Photo Émeric Adrian / Émilie Leloup.
A. T. : Je me suis souvenue d’une performance de « Ilditelledit », un collectif que j’aime beaucoup. C’était autour de la notion d’argent. J’ai vu que dans les textes sur lesquels ils s’appuyaient, il y avait celui du poète Tarkos que je ne connaissais pas. J’ai adoré ce nom. Il a une sonorité qui m’a frappée : TARKOS. Et cette sonorité me ramenait à un personnage que j’ai écrit, Stakos, qui compte beaucoup pour moi. Bref, j’ai commandé ses ÉCRITS POÉTIQUES où il y avait le texte L’ARGENT. Je l’ai lu et je l’ai tout de suite passé à Christian Van der Borght et à Stanislas Nordey.

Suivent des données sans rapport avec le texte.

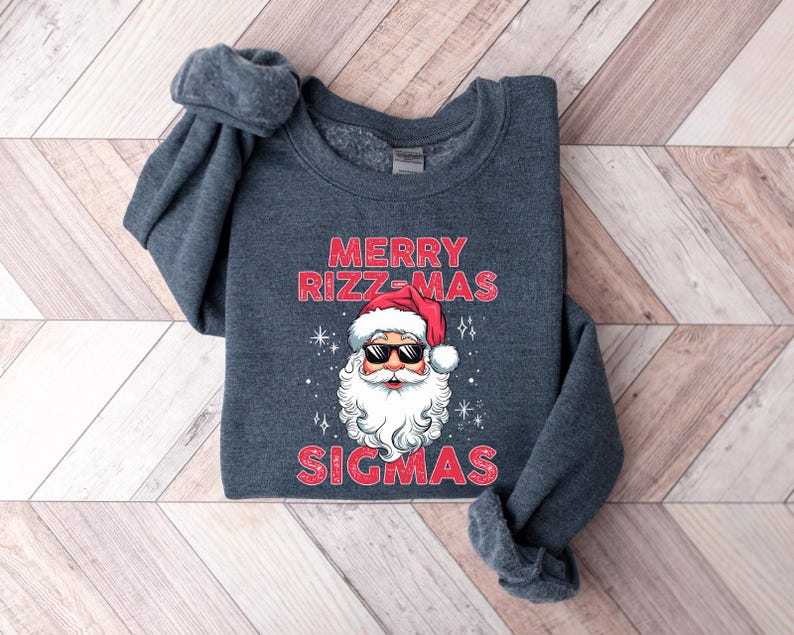 May include: A dark gray sweatshirt with the text "MERRY RIZZ-MAS SIGMAS" in red. The design features Santa Claus wearing sunglasses and a red hat. The sweatshirt is folded on a wooden surface.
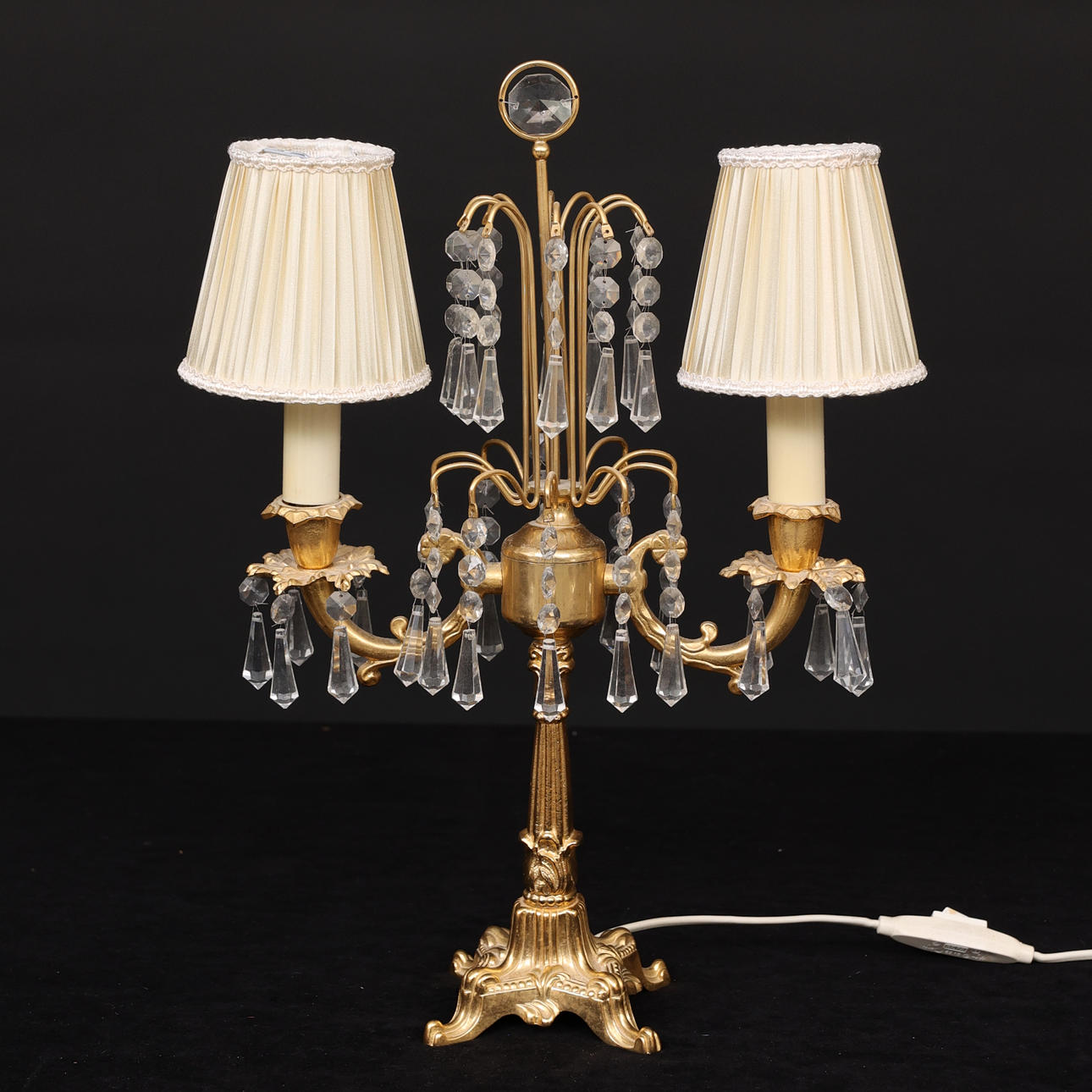 TABLE LAMP, yellow metal and prisms, two arms.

Pour L’ARGENT, une fois de plus, c’est le son du texte qui m’a emportée. Texte qui a été une illumination, ou une déflagration. Il sonnait tellement que j’en avais le vertige. C’est un texte incroyable car il n’obéit à aucune logique narrative, poétique, émotionnelle ni même discursive (parfaite métaphore de l’argent qui n’a aucun sens et qui pourtant fait sens, ô combien). Sa syntaxe fonctionne autour d’un motif premier (l’argent est la valeur sublime) qui fabrique ses digressions, un tournoiement qui revient sans cesse au point originel mais en empruntant à chaque fois une logique différente. L’un des régisseurs disait « Il (Tarkos) parle de l’argent comme on parlerait d’amour. L’amour est la valeur sublime…» C’est tellement juste ! Stanislas disait que c’était le texte le plus difficile qu’il ait eu à apprendre.